━━━━━ SOURCE MATERIAL ━━━━━

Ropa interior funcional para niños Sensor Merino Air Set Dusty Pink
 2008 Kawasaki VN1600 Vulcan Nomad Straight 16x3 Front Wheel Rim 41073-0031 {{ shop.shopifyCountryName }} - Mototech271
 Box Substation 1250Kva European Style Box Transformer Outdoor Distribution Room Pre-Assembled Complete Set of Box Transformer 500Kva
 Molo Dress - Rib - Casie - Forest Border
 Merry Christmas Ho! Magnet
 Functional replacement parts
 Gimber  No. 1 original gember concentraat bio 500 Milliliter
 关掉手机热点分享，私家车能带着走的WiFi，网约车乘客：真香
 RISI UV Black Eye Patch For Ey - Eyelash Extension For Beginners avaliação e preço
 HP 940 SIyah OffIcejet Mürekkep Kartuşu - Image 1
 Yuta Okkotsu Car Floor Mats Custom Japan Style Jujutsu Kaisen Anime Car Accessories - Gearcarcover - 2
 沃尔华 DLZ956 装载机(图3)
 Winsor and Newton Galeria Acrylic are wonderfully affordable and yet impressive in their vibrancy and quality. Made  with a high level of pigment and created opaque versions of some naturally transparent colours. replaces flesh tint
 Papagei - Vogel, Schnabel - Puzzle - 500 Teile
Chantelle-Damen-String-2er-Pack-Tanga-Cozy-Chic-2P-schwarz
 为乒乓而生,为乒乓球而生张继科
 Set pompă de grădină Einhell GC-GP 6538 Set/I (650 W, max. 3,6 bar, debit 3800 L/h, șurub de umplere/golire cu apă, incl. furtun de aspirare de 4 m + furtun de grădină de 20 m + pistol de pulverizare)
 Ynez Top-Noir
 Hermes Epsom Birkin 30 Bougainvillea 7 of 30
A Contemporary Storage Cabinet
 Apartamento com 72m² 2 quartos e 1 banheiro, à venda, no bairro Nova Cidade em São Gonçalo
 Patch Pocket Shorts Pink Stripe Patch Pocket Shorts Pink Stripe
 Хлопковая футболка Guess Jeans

━━━━━

- _WHAT TO PRODUCE_
Return every line of the records in which the word "Pink" is found.

- _REPLY_
Ropa interior funcional para niños Sensor Merino Air Set Dusty Pink
 Patch Pocket Shorts Pink Stripe Patch Pocket Shorts Pink Stripe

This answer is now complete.